- [Data shown]:

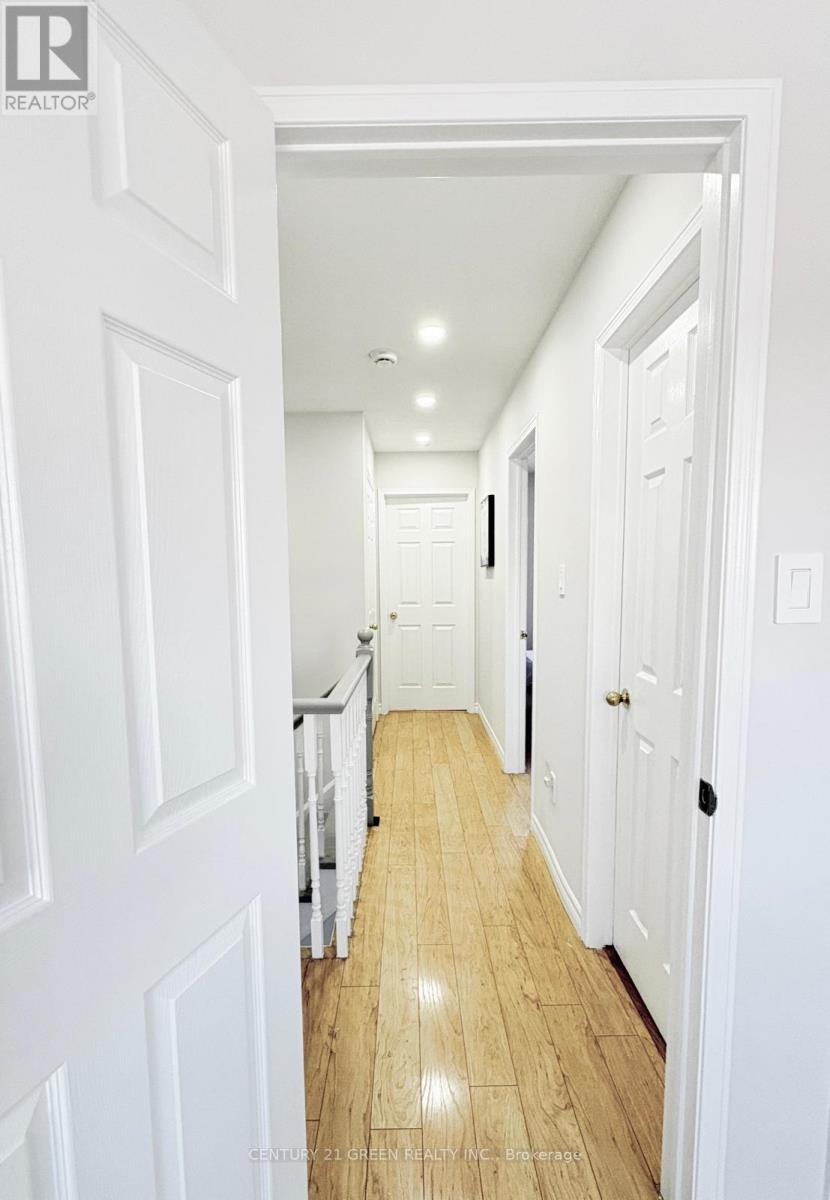 66 Millstone Drive, Brampton, Ontario  L6Y 4P8 - Photo 26 - W12726382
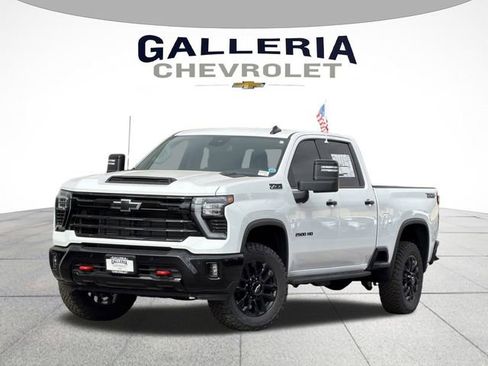 New 2026 Chevrolet Silverado 2500 LT w/ Trail Boss Package image 2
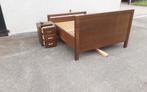 Donker eiken bed 140x200 met nacht.kastjes, Huis en Inrichting, Slaapkamer | Bedden, Ophalen, Tweepersoons, 140 cm, Zo goed als nieuw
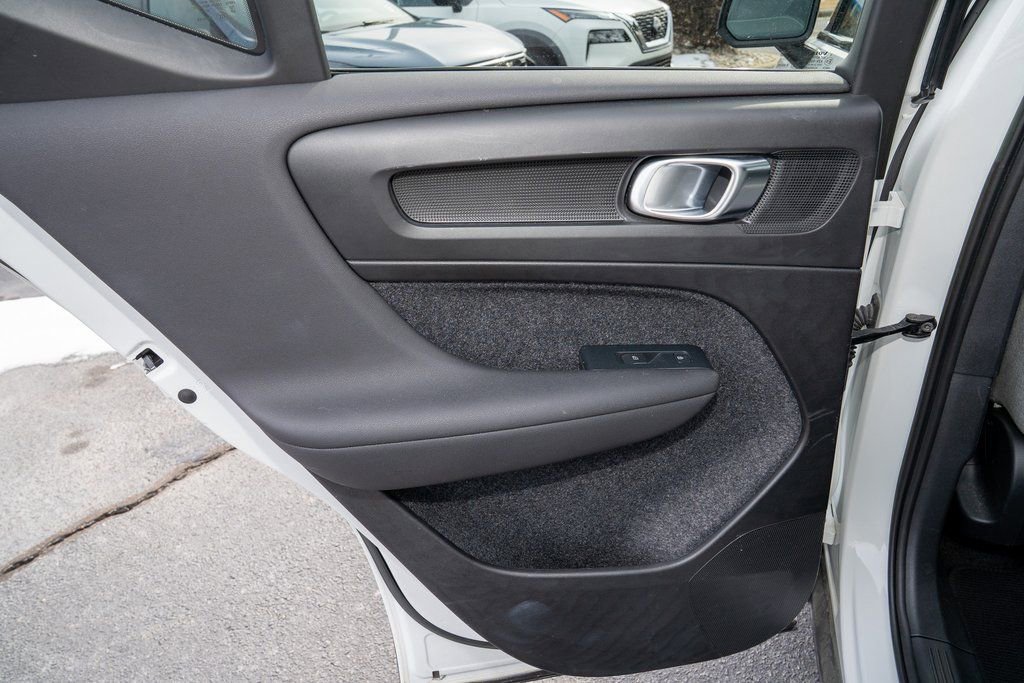 Used 2023 Volvo XC40 Recharge Ultimate image 19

- [Task to carry out]:
All of the material should be reproduced exactly, apart from the pictures.

- [Response to this exercise]:
 66 Millstone Drive, Brampton, Ontario  L6Y 4P8 - Photo 26 - W12726382
 New 2026 Chevrolet Silverado 2500 LT w/ Trail Boss Package image 2
 Donker eiken bed 140x200 met nacht.kastjes, Huis en Inrichting, Slaapkamer | Bedden, Ophalen, Tweepersoons, 140 cm, Zo goed als nieuw
 Used 2023 Volvo XC40 Recharge Ultimate image 19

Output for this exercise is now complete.